----- Records shown
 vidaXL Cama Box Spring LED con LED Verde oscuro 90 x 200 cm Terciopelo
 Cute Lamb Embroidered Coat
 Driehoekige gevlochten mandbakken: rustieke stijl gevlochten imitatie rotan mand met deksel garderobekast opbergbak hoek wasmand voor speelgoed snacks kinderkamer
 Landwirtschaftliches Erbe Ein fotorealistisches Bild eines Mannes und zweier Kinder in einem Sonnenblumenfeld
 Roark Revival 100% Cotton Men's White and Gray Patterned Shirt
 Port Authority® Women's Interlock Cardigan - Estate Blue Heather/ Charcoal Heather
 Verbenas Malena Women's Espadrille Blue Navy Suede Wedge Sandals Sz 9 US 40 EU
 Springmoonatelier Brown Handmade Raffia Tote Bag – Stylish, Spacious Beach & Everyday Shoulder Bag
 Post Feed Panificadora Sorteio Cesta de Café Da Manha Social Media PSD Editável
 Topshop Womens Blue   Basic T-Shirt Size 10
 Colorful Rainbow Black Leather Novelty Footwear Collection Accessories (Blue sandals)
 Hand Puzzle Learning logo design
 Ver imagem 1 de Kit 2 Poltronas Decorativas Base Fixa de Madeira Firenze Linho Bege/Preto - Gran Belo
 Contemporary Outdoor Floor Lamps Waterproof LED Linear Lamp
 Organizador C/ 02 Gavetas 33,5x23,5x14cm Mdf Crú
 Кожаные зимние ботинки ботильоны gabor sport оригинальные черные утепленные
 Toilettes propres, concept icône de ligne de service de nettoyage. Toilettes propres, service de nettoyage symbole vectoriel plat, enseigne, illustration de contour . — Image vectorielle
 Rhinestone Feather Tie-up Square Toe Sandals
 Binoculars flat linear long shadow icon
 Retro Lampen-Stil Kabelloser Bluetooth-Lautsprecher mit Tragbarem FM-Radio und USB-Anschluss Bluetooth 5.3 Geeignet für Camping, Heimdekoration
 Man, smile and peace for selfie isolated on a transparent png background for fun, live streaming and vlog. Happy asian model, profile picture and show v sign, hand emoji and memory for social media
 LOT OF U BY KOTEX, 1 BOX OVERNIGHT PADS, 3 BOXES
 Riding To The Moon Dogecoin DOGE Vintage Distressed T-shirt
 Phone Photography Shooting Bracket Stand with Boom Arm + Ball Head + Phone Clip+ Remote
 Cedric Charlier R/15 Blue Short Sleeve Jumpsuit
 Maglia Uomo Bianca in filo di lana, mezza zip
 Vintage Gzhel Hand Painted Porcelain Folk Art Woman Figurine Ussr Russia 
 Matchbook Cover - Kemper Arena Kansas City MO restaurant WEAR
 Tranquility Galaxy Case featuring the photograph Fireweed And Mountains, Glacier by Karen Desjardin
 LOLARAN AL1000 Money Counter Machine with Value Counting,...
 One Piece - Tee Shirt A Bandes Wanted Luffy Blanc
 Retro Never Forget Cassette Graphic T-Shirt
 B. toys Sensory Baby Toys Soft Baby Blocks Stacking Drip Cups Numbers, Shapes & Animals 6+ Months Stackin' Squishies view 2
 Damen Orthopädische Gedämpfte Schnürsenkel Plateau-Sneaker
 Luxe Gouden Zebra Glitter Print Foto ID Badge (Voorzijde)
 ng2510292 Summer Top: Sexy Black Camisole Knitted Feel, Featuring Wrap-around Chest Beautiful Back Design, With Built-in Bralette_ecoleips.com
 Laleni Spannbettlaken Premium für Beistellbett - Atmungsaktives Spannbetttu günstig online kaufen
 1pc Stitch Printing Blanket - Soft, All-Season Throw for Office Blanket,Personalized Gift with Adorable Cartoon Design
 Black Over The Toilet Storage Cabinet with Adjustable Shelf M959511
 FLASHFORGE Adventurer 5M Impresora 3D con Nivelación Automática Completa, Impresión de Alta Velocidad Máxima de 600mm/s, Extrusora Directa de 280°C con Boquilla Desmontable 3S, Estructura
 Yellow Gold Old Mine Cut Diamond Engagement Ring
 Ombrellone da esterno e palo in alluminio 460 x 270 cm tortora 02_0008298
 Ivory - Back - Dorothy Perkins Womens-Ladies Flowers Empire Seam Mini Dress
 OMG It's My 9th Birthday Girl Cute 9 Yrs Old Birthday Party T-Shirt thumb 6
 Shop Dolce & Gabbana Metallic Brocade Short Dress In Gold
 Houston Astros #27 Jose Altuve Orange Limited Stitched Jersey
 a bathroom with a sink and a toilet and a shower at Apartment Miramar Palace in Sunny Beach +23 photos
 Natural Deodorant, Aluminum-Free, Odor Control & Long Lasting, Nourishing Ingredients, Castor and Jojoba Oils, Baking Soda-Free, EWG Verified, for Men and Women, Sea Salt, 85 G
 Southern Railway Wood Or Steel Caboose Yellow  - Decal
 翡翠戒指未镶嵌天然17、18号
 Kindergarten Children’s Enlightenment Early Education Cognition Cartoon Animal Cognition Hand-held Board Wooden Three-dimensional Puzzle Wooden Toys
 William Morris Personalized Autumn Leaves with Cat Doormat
----------
**Work to complete:** Copy out each line carrying the string "Black" from the data.

**Written response:**
 Colorful Rainbow Black Leather Novelty Footwear Collection Accessories (Blue sandals)
 ng2510292 Summer Top: Sexy Black Camisole Knitted Feel, Featuring Wrap-around Chest Beautiful Back Design, With Built-in Bralette_ecoleips.com
 Black Over The Toilet Storage Cabinet with Adjustable Shelf M959511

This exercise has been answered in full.